Task to carry out:
Copy, exactly as written, the lines that begin at the one containing "Samoa Lotu Tamaiti" and end at the one containing "Women's Button-Down Tiered Midi Dress". Skip any pictures in the data below.

►

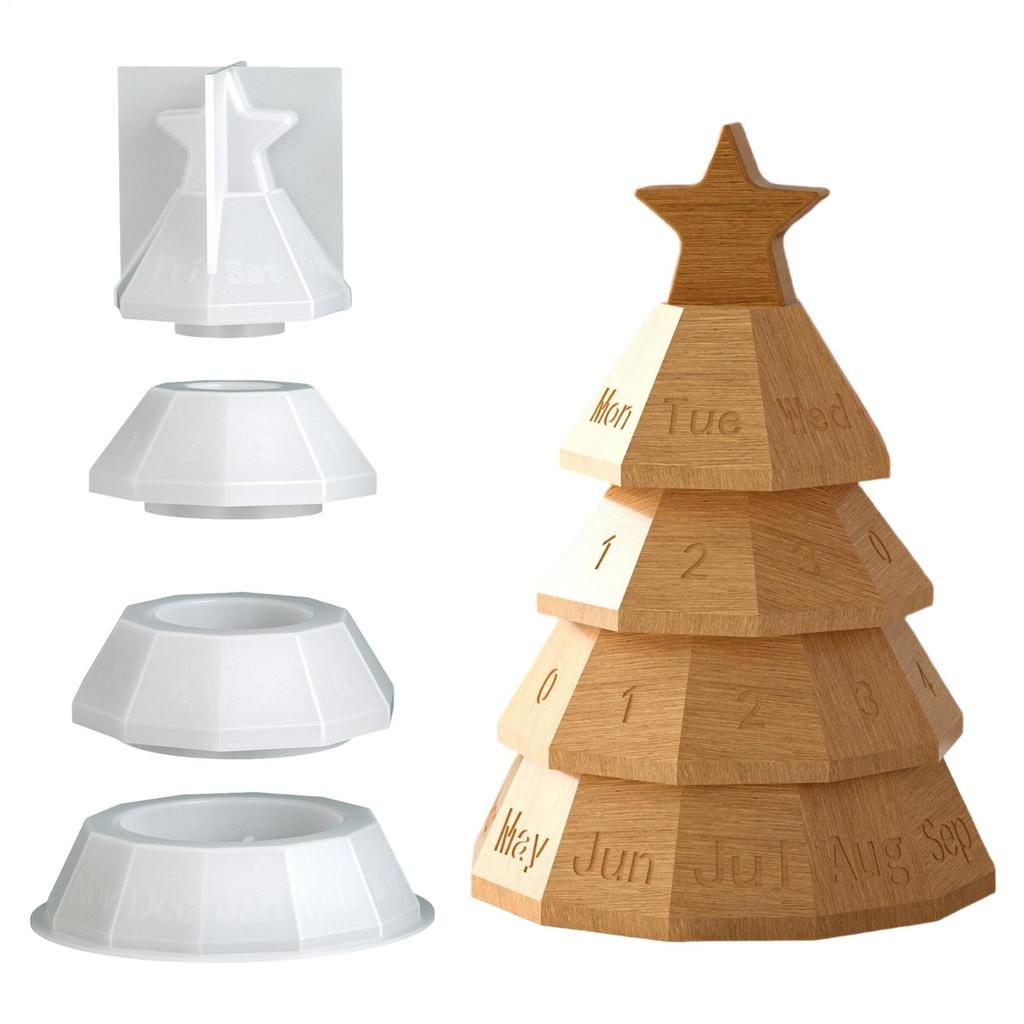 Stampo in Silicone per Natale Facile da Usare Stampo Riutilizzabile Stampo in Silicone ad Impilamento Albero di Natale per Cemento Gesso Argilla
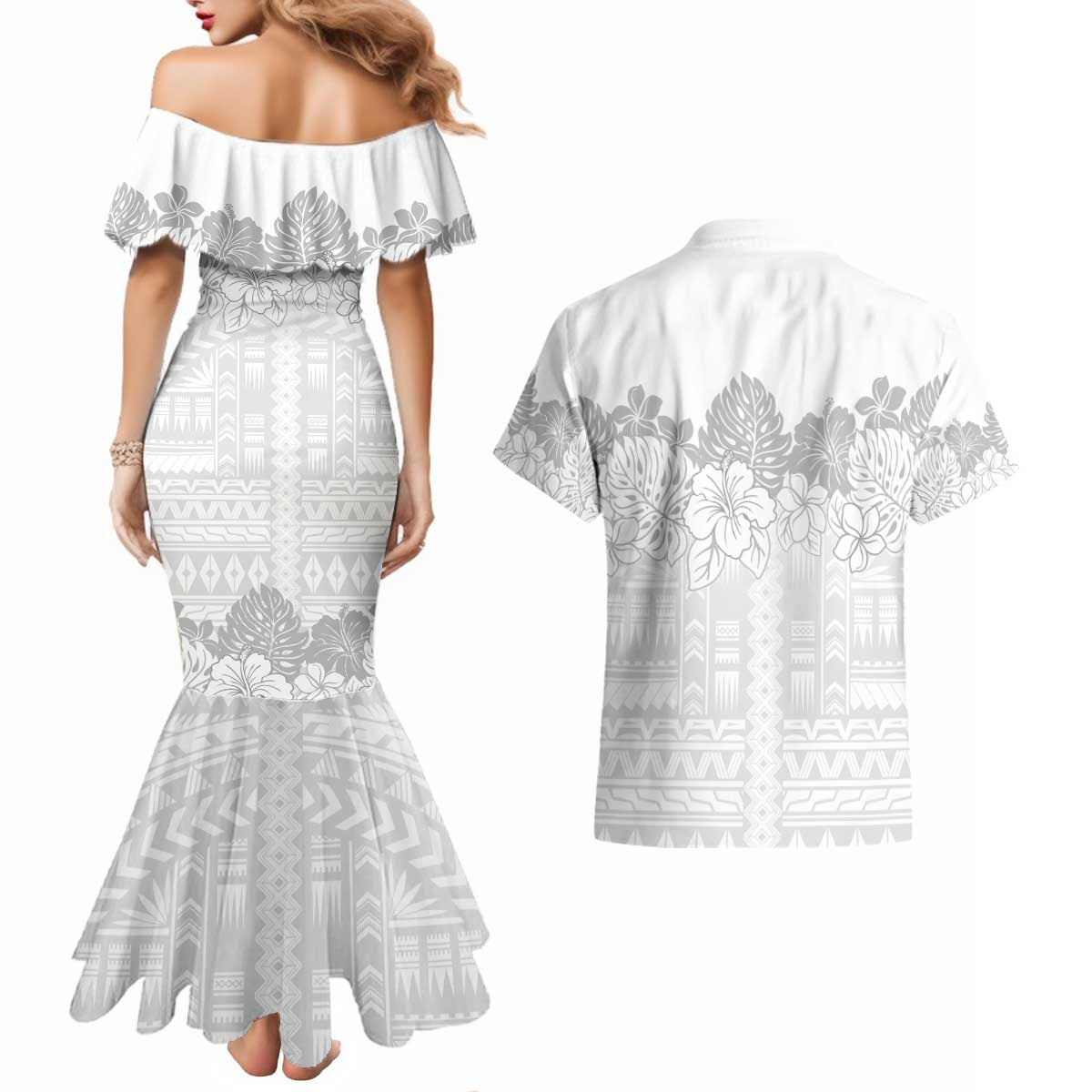 Samoa Lotu Tamaiti Couples Matching Mermaid Dress and Hawaiian Shirt White Sunday Polynesian Pattern With Tropical Flowers LT05 - Polynesian Pride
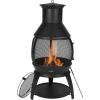 VEVOR Chiminea, 20 Inch Outdoor Wood Burning Firepit, Conical Fireplace for BBQ & Warming, Outside Wooden Fire Pit with Grill Mesh, Chimney Coat & Rustproof Chiminea Lid, for Patio, Garden, Backyard(22 Inch)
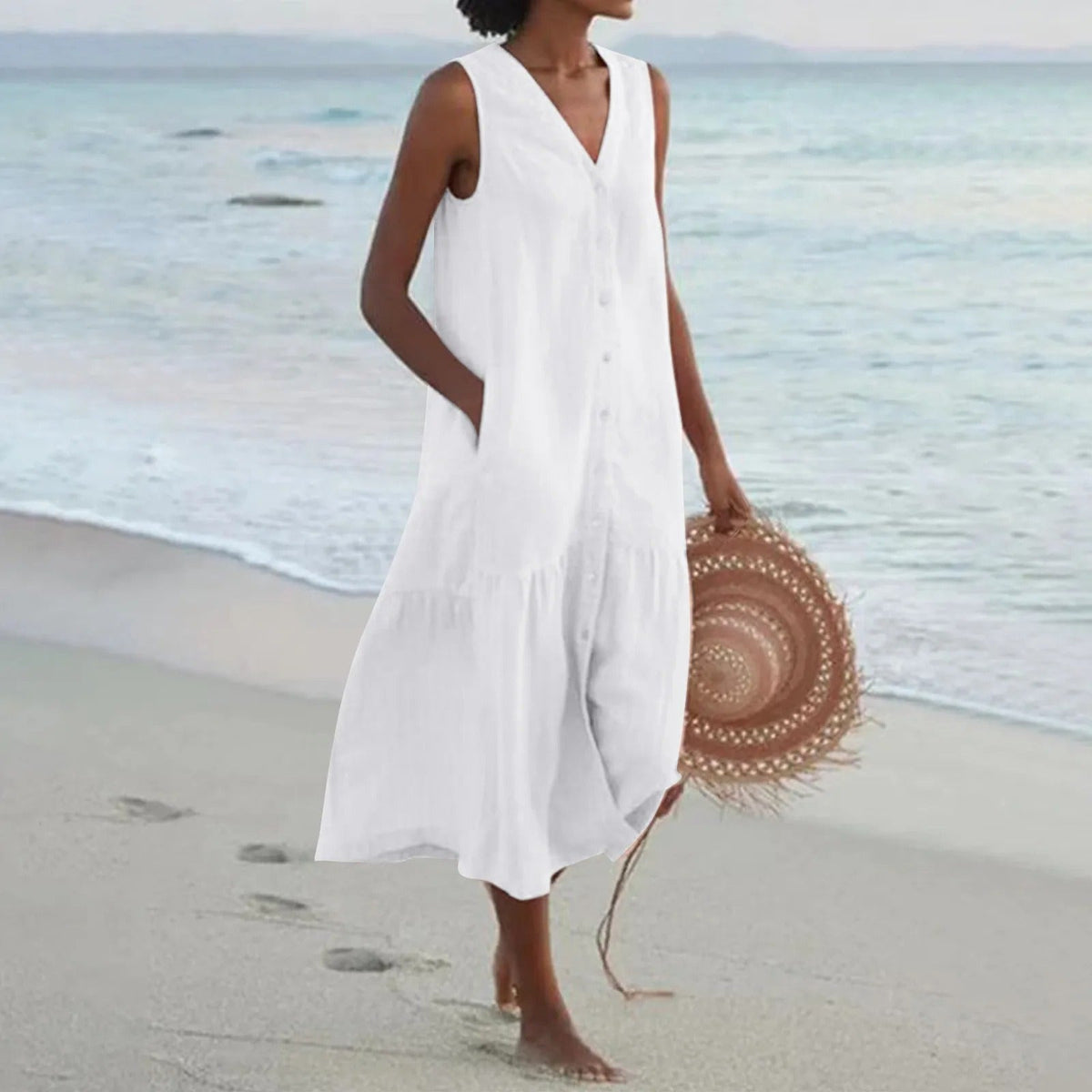 Women's Button-Down Tiered Midi Dress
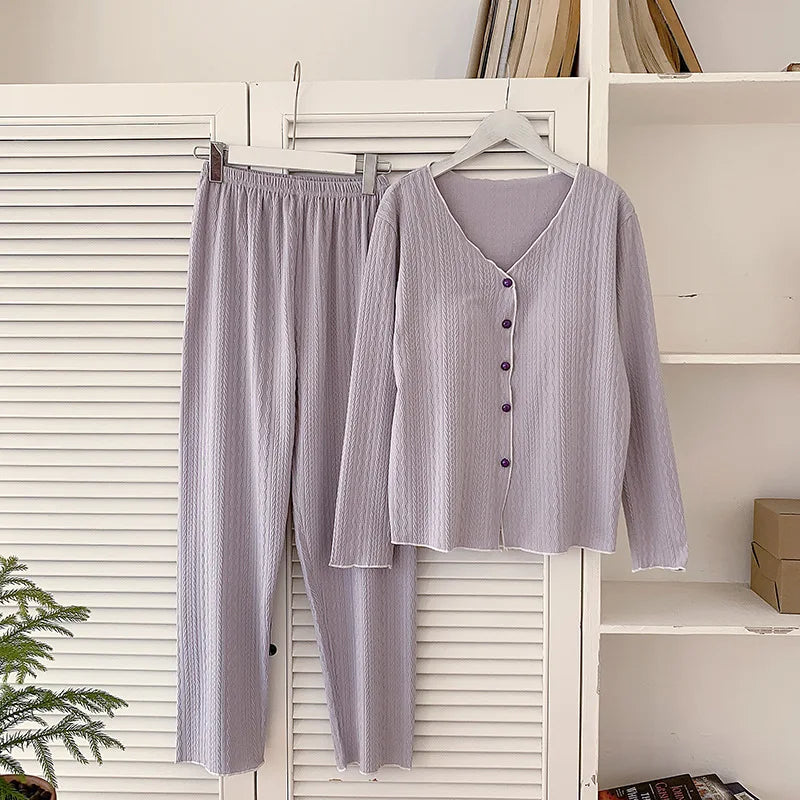 Spring and Autumn Women's Loungewear Chest Pads Home Wear Pajamas for Woman Nightwear Pyjama Set Lounge Wear Pijama Sleepwear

◄

Answer to this exercise:
 Samoa Lotu Tamaiti Couples Matching Mermaid Dress and Hawaiian Shirt White Sunday Polynesian Pattern With Tropical Flowers LT05 - Polynesian Pride
 VEVOR Chiminea, 20 Inch Outdoor Wood Burning Firepit, Conical Fireplace for BBQ & Warming, Outside Wooden Fire Pit with Grill Mesh, Chimney Coat & Rustproof Chiminea Lid, for Patio, Garden, Backyard(22 Inch)
 Women's Button-Down Tiered Midi Dress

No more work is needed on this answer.